There are several books
and tutorials that cover using ZeroBrane Studio with various game and mobile toolkits. It has also been used in teaching undergraduate and graduate class on mobile application development.

== Debugging ==
ZeroBrane Studio provides local, remote and cross-platform debugging for applications executing Lua code.
The debugger supports the following functions: step through the code, set/remove breakpoints, inspect variables and expressions using the Watch window, inspect the call stack with local values and upvalues (local values defined in the outer scope of the current function) using the Stack window, suspend/resume the running application, and run Lua commands in the Console window.

The IDE also supports on-device debugging for Corona SDK and Gideros Mobile software development kits, with the application running on a mobile device and the IDE running on a desktop computer.

== Live coding ==
In addition to debugging Lua applications, ZeroBrane Studio also supports live coding, which allows making changes to the application code while the application is running and seeing the results of the changes in the application.
The live coding is supported for Lua interpreters and several other environments.

== Plugins ==
ZeroBrane Studio includes support for plugins written in Lua.
The open source plugin repository currently lists 45 plugins that range from simple plugins that customize the environment to more complex ones that provide real-time watches, document map, or split screen editing.

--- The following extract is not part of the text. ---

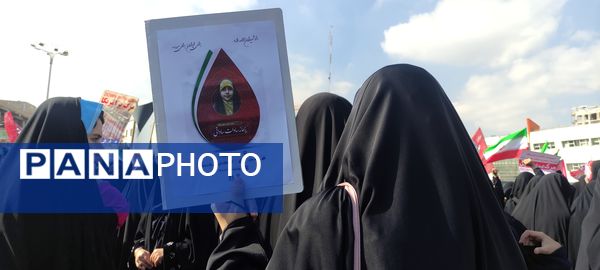 فریاد طنین انداز همبستگی دانش آموزان مشهدی 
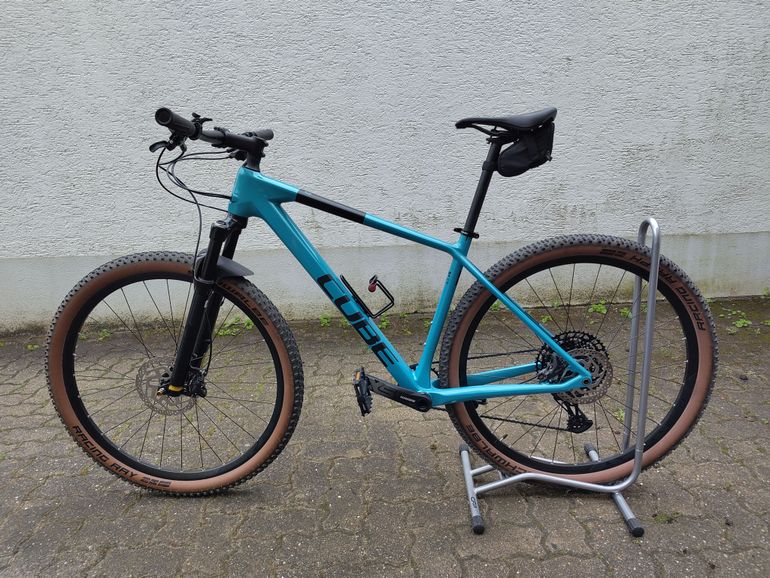 Used CUBE Cube Reaction C:62 ONE 2024 Mountainbike, Blue — image 1 of 4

== Integrated educational materials ==
Packaged versions of ZeroBrane Studio distributed from the project website include educational materials for Lua with more than 50 simple scripts and examples, demonstrating use of Lua with Turtle graphics and Spirograph scripts.
ZeroBrane Studio supports Markdown formatting in comments, which supports text formatting and references to other Lua files and external resources.
It supports execution of Lua commands directly in the IDE, providing integration with included educational materials.

== Interface translations ==
ZeroBrane Studio supports interface translation into different languages by providing a Lua file containing all text that should be translated. As of 2020, the user community has contributed translations to eleven languages.